4. Wiedererkennbarkeit einzelner Sendungen mit ihrem eigenen Konzept, eigener Musik und eigenem Moderator oder eigener Moderatorin
5. Beitragslänge rauf auf mindestens 6 Minuten
6. Mehr vertiefende Themensendungen, vermutlich meistens abends nach der Arbeit; Auch ruhig mal zwei Stunden zu einem Thema senden
7. eine gemischte Musikrotation aus mindestens 5000 Titeln
8. Drei Programme pro Sender tuns auch; Eine Klassik-Infowelle, eine Jugend-Infowelle, eine Welle für alle mit Magazinen, oldies und solchen, die es werden wollen, Schlagern, aber auch – zumindest abends – Jazz, Blues, Musik anderer Kulturen…
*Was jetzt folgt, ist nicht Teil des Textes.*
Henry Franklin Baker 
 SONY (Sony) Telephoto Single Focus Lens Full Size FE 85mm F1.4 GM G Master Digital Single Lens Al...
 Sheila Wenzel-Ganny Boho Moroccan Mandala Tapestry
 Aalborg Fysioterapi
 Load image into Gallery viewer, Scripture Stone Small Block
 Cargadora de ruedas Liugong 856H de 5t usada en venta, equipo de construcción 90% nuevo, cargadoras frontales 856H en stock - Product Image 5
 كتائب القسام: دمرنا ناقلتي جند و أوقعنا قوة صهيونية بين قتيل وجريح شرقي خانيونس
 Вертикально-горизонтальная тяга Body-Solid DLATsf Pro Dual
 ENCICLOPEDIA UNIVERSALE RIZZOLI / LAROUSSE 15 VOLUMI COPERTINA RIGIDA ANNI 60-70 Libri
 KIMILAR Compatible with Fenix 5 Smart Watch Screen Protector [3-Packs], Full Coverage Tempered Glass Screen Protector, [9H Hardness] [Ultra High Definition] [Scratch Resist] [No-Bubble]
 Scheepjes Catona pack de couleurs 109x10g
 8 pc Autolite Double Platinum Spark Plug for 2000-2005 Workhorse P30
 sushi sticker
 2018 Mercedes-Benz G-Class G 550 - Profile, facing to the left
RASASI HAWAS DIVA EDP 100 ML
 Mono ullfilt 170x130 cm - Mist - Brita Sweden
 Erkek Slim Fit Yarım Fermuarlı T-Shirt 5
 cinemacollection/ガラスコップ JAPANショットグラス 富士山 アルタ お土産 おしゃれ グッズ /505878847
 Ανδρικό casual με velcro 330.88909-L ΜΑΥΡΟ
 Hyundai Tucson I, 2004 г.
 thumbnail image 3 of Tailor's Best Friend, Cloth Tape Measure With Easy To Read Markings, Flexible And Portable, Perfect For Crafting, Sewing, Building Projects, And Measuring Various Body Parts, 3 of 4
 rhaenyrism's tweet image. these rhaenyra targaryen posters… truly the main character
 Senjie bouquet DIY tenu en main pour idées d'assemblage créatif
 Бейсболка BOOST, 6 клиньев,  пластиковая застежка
Das wären meine Sofortmaßnahmen. Mir würden auch noch mehr einfallen, um die Journalistische Qualität der Beiträge wieder zu steigern. Zur Finanzierung schlage ich vor, dass man die Rundfunkgebühr direkt aus den Steuern aller Bürger bezahlt, Jede und Jeder hört Radio oder sieht fern. Natürlich müssen die Programme offen sein für die Interessen einzelner Gruppen, so dass interessante Sendekonzepte sich auch im öffentlich-rechtlichen Rundfunk entfalten können. Dann könnte man den kommerziellen Privatfunk abschaffen.
Übrigens: Nicht abschaffen hingegen sollte man die freien und lokalen Radios, die offenen Kanäle und die Bürgerfunkradios. Ganz im Gegenteil. Gemeinnützige Initiativen sollten die Möglichkeit erhalten, Sender zu betreiben. Die nämlich wollenwirklich Radio machen und kein Geld scheffeln. Ihnen muss – notfalls auch durch Rundfunkgebühren – die Möglichkeit gegeben werden, ihre Infrastruktur aufzubauen. Dann haben wir nämlich die wirkliche Vielfalt unterschiedlicher Ansätze und Interessen, während die öffentlich-rechtlichen Sender die Grundversorgung übernehmen.
Ach was für ein schöner Traum!
Sollten Sie auch mit der Umgestaltung des HR nicht zufrieden sein, können Sie auf der Seite Der ball ist rund dagegen protestieren.
© 2008, Jens Bertrams
gut gebrüllt, Löwe! wirklich ein schöner Traum. Selbst die Hörspieldomäne, die die privaten noch gar nicht für sich beanspruchen, verstümmeln sie ja schon, unsere öffentlich rechtlichen Sender. wie oft ich im Moment „gekürzt“ lese, wenn ich für den Ohrfunk die Hörspieltipps bearbeite, kann ich gar nicht mehr zählen. Und irgendwie experimentelle Hörspiele haben sowieso immer weniger Chancen, obwohl sich da der HR ganz positiv hervortut.
ich bin mir nicht sichedr, ob die Menschen noch länger als 7 Minuten am stück zuhören können. Ich denke eigentlich schon. Aber du hast Recht: diese Art der Sendeform, die ihnen jetzt aufgezwungen wird, wird auf Dauer dafür sorgen, daß sich diese Prophezeihung von selbst erfüllt. Und das ist wirklich beängstigend. Denn wie beruhigend, so paradox das klingt, ist es doch, sich länger auf eine Sache konzentrieren zu *dürfen*, was im alltag ja eigentlich so gut wie nicht mehr vorkommt. gut gemacht müssen lange Beiträge dann natürlich schon sein und einigermaßen anregend für die Sinne. Daran sollte gearbeitet werden. Sonst verkümmert unsere Konzentrationsfähigkeit wirklich noch.